Records for processing:
================================

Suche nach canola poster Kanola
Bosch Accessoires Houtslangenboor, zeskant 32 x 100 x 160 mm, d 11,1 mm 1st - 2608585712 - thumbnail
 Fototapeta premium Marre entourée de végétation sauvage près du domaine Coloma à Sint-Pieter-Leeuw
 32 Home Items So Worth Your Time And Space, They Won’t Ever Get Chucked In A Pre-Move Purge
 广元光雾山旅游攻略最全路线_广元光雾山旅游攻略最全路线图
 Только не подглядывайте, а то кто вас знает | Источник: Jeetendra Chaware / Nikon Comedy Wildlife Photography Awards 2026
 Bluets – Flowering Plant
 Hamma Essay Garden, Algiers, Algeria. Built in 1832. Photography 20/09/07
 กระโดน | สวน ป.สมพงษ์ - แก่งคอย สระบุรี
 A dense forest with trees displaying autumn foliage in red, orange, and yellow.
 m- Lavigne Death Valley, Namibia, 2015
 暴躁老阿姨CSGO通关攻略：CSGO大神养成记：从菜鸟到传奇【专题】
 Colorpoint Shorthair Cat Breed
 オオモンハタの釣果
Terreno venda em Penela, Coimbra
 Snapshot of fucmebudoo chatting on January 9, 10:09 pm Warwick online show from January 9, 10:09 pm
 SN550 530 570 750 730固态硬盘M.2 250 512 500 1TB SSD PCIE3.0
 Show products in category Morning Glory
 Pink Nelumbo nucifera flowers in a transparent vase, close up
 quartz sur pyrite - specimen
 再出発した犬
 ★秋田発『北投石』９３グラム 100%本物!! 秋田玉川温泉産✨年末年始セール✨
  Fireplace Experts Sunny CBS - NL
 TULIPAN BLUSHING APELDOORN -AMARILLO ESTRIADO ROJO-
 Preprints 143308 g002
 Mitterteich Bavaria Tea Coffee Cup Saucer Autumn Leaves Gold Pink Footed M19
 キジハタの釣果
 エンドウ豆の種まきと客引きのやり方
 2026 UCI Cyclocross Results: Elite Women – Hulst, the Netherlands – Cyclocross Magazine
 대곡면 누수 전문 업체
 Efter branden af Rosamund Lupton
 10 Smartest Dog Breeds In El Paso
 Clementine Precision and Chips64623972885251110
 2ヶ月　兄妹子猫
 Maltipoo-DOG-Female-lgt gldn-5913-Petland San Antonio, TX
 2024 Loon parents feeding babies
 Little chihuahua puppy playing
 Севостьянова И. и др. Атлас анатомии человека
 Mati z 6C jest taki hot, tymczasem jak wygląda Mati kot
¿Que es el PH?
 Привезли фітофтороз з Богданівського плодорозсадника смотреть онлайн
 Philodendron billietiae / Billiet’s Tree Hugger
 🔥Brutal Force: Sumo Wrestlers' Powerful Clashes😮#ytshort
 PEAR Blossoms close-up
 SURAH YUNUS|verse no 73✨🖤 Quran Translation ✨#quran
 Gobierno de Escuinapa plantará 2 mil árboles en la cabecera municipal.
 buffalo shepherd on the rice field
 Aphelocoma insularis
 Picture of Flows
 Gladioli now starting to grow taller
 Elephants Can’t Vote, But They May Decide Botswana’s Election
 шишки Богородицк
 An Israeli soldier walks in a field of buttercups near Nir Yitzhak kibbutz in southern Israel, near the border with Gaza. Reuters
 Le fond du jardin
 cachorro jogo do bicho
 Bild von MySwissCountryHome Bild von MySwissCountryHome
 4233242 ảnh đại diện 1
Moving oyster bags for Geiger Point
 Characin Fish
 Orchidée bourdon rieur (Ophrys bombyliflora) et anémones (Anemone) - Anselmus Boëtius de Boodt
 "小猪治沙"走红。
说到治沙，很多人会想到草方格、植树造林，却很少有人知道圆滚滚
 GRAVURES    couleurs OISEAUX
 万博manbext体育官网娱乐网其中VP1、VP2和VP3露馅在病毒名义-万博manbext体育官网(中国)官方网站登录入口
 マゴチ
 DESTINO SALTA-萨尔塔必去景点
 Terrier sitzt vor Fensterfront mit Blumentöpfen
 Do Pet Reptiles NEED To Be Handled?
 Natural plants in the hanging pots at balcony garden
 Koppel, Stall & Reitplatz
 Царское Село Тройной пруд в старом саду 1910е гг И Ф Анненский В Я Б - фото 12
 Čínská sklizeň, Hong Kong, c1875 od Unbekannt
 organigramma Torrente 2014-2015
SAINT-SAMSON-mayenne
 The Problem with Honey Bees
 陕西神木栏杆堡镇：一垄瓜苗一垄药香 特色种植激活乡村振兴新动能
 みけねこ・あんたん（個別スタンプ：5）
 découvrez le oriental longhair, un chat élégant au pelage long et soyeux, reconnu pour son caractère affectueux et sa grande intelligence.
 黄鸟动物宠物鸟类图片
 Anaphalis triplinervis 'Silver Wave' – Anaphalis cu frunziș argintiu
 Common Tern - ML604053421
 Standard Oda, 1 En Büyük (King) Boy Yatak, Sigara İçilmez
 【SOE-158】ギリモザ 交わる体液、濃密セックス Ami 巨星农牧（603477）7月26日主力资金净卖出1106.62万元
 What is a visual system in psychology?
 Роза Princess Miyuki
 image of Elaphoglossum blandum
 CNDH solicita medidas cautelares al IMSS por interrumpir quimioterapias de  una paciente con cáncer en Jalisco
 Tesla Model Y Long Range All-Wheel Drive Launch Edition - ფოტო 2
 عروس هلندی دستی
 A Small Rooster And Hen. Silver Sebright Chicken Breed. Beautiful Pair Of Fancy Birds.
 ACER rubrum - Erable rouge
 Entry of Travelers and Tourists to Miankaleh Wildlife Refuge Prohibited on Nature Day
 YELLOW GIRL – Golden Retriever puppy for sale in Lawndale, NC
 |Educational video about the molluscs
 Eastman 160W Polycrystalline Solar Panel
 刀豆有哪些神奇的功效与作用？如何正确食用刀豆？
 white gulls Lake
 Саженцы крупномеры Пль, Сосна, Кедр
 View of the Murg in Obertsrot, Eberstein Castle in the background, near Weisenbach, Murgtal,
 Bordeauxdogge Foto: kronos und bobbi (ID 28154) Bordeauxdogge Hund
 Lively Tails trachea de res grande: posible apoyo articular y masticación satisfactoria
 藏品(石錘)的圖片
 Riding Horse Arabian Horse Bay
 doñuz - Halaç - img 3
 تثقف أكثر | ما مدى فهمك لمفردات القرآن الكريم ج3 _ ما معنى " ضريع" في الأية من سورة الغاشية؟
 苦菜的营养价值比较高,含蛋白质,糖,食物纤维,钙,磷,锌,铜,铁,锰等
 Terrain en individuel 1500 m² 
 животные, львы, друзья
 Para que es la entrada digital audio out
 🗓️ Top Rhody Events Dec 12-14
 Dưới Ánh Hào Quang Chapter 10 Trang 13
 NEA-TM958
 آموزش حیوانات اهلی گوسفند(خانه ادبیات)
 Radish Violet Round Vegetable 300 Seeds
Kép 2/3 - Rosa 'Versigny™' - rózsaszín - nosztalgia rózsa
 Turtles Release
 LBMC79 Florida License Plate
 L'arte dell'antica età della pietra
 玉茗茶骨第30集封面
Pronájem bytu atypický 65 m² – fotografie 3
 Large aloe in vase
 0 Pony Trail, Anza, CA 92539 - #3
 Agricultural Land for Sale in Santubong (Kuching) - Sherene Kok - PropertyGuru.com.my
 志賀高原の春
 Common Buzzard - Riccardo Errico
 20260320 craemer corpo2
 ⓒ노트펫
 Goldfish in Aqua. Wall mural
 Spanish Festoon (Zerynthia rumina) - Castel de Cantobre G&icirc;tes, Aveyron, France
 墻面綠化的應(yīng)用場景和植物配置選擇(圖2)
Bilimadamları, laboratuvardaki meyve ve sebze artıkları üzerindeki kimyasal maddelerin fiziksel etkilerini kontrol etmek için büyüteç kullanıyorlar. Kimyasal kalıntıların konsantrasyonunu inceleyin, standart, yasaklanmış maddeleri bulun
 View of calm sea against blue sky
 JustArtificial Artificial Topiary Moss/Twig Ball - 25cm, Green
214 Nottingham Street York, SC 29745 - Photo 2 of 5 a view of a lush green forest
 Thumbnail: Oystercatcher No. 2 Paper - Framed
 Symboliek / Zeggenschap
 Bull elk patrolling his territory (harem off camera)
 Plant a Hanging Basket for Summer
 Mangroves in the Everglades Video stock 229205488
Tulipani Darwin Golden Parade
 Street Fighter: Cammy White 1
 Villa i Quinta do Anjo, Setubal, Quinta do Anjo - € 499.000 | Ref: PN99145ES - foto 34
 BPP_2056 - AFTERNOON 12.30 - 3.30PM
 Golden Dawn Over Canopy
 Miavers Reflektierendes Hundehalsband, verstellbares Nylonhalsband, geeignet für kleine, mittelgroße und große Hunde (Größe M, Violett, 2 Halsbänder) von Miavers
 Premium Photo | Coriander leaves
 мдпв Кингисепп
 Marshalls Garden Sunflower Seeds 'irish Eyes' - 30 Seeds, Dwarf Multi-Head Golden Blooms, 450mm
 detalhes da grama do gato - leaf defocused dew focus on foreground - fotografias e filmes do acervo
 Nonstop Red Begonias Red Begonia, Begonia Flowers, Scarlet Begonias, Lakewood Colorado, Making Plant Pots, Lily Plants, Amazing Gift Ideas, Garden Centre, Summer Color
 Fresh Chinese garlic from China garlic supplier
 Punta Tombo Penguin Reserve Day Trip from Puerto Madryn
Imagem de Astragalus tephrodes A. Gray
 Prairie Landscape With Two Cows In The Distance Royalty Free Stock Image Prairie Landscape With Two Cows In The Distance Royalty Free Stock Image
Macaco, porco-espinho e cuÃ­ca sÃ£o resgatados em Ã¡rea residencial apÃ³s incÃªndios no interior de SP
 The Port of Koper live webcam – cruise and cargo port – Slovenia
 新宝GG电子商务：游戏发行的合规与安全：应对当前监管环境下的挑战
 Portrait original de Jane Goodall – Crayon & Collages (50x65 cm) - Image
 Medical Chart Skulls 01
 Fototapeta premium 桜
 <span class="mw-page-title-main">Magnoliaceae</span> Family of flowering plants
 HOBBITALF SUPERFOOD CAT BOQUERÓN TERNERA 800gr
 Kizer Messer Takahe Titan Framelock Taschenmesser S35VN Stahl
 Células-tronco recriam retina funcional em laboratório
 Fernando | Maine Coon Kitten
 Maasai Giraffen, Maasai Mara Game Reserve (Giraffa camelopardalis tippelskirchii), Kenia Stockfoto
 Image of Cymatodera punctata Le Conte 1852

================================

Exercise objective: Copy every line of the records above that holds the word "Silver".

Solution for this task:
 Anaphalis triplinervis 'Silver Wave' – Anaphalis cu frunziș argintiu
 A Small Rooster And Hen. Silver Sebright Chicken Breed. Beautiful Pair Of Fancy Birds.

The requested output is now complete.